# Notes Part 2

Overfitting - does *not* mean that you're training loss is lower than validation loss! 

A well fit will almost always have training loss lower than the validation loss.

Overfitting means - you're actually seeing your validation loss gettting worse.

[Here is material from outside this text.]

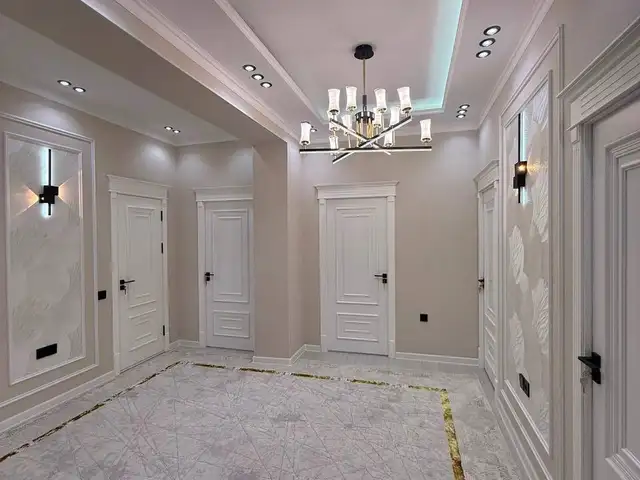 3-комн. квартира, 8 этаж, 93 м², Сомони, Душанбе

### Five steps to avoid overfitting

More data

Data augmentation 

Generalizable architectures

Regularization

Reduce architecture complexity

### Steps to a basic modern CNN model

Matmul

Relu / Init

FC Forward

FC backward

Train loop

Conv

Optim

Batch-Norm

ResNet

If you want to develop your own library in Jupyter notebooks, follow notebook2script.py

# Matrix Multiplication

In [3]:
from fastai.basics import *
from pathlib import Path
from IPython.core.debugger import set_trace
from fastai import datasets
import pickle, gzip, math
import matplotlib as mpl
import torch
import matplotlib.pyplot as plt
from torch import tensor

In [1]:
import time

def timeit(func):
    def wrapper(*args, **kwargs):
        now = time.time()
        retval = func(*args, **kwargs)
        print('{} took {:.5f}s'.format(func.__name__, time.time() - now))
        return retval
    return wrapper

In [4]:
# python only matrix multiplication

def matmul(a, b):
    ar, ac = a.shape
    br, bc = b.shape
    assert ac == br
    
    c = torch.zeros(ar, bc)
    for i in range(ar):
        for j in range(bc):
            for k in range(ac):
                c[i, j] += a[i,k] * b[k,j]
                
    return c

In [5]:
m1 = torch.rand((5, 784))
m2 = torch.rand((784, 10))

In [7]:
m1.shape, m2.shape

(torch.Size([5, 784]), torch.Size([784, 10]))

In [8]:
%timeit t = matmul(m1, m2)

971 ms ± 2.1 ms per loop (mean ± std. dev. of 7 runs, 1 loop each)


In [11]:
t = matmul(m1, m2)

In [12]:
t.shape

torch.Size([5, 10])

About 1 second per matrix multiply, so if you have a 50,000 long dataset (MNIST), will take you 50,000 seconds 

### Every layer would take about 10 hours!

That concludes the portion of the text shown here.